Generally, MOSFETs have a very low on-state resistance, allowing a low voltage drop and hence a small power dissipation (as heat) during operation. However, in order to be able to withstand the short-circuit or fault current for the designated time, a plurality of MOSFETs may have to be placed in parallel to enable the devices to withstand the associated energy losses. There are two principal constraints in action: (1) The steady-state cooling requirements, i.e. size, mass and heat transfer, are defined by normal operation, and (2) the number of devices in parallel is defined by fault conditions; in this case the high power dissipation levels will not act for long enough to heat up the external contact to the devices (i.e. the case), due,.to the short time of action and the diffusion of heat from the semiconductor device itself to the case. In other words, if there are not enough SSPCs provided in the system, excessive heating can occur during fault conditions. Reducing the number of parallel MOSFETs, and thus giving improvements in size and mass, would be acceptable for normal operation; however this would not allow the fault conditions to be safely contained.
MOSFET devices manufactured using SiC as provided by the present invention provide a solution to this problem as they have a much smaller on-state resistance than corresponding Si devices. Improved sensitivity to fault currents can thereby be provided, as well as reduced I2R heating. Silicon carbide is also a much better thermal conductor and has a higher melting/sublimation temperature than Si and so is able to run hotter, thus reducing the requirement for heavy heatsink arrangements. Together, the material advantages of silicon carbide allow much higher power densities to be achieved.

WE CLAIM:
1. A method of manufacturing a semiconductor device comprising applying a first layer comprising silicon to a second layer comprising silicon carbide, whereby an interface is defined between the first and second layers, and oxidising some or all of the first layer.
2. A method according to claim 1, wherein the first layer is wafer bonded to the second layer.
3. A method according to claim 1 or 2, wherein the second layer consists of a single crystal of SiC.
4. A method according to any of the preceding claims, wherein the first layer consists of a single crystal of Si.
5. A method according to any of claims 1 to 4, wherein the step of oxidising some or all of the first layer is carried out after the first layer is applied to the second layer.

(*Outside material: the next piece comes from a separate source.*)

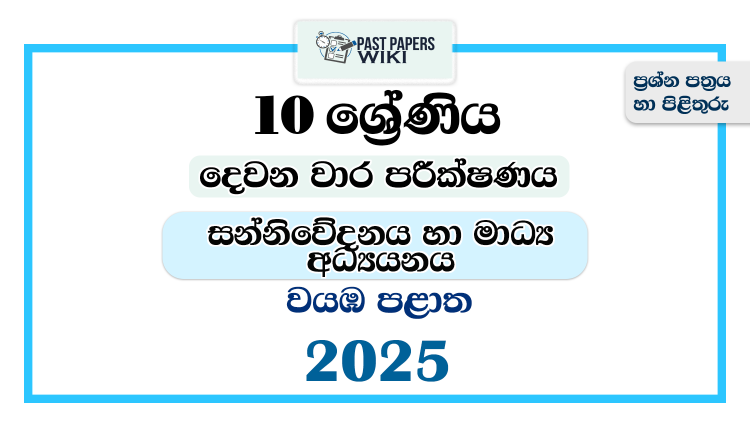 2025 Grade 10 Media 2nd Term Test Paper | North Western Province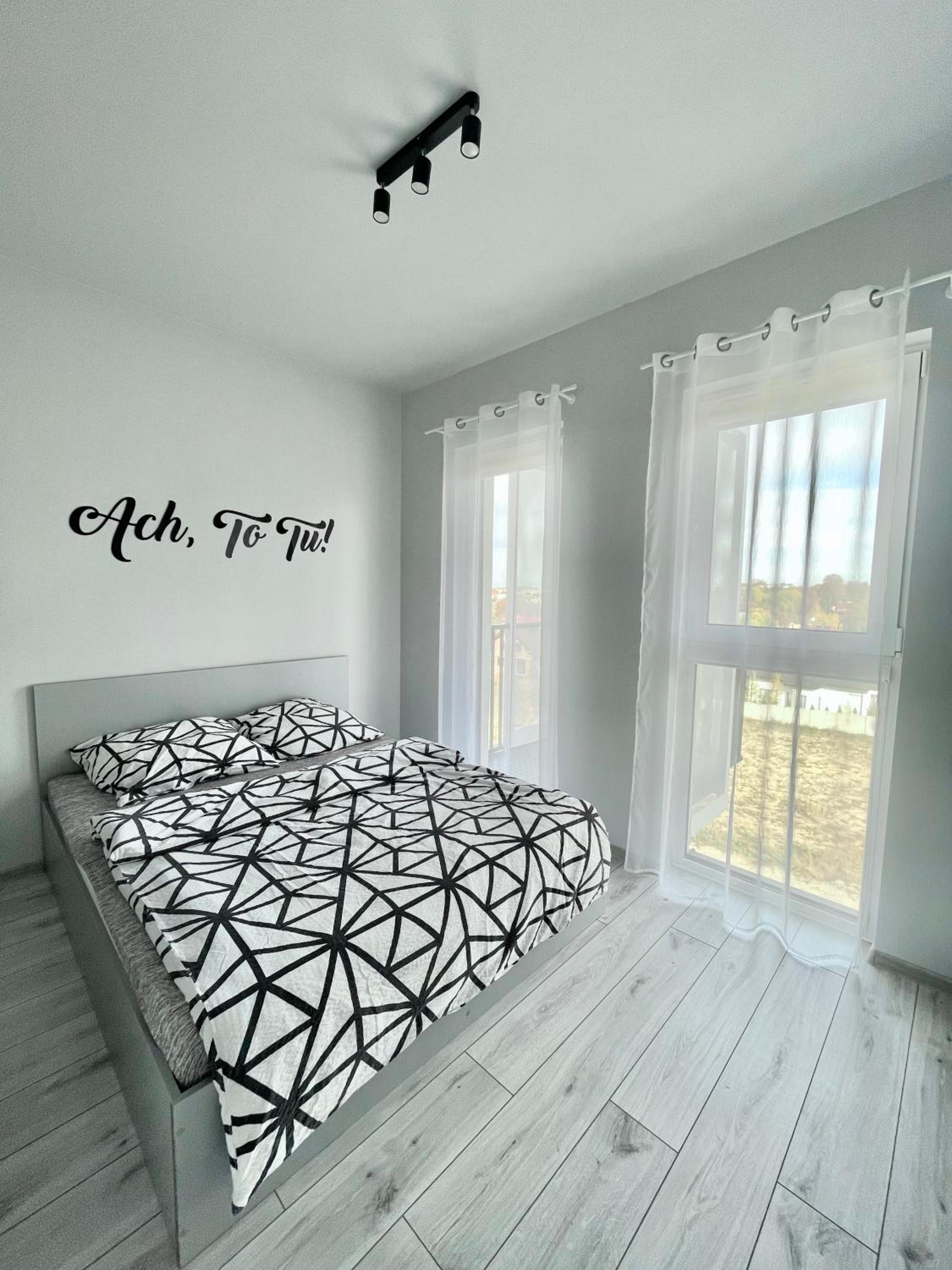 Ach, To Tu- Apartament Łańcut view 3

6. A method according to any of claims 1 to 4, wherein the step of oxidising some or all of the first layer is carried out before or while the first layer is applied to the second layer.
7. A semiconductor device manufactured in accordance with the method of any of claim 1 to 6, comprising a first layer comprising SiO2 joined to a second layer comprising silicon carbide, whereby an interface is defined between the first and second layers.
8. A semiconductor device according to claim 7 comprising a MOSFET.
9. An aircraft power distribution system comprising a semiconductor device according to claim 7 or 8.
10. A method of manufacturing a semiconductor device substantially as herein described with reference to the accompanying drawings.
11. A semiconductor device substantially as herein described with reference to the
accompanying drawings.
12. An aircraft power distribution system substantially as herein described with
reference to the accompanying drawings.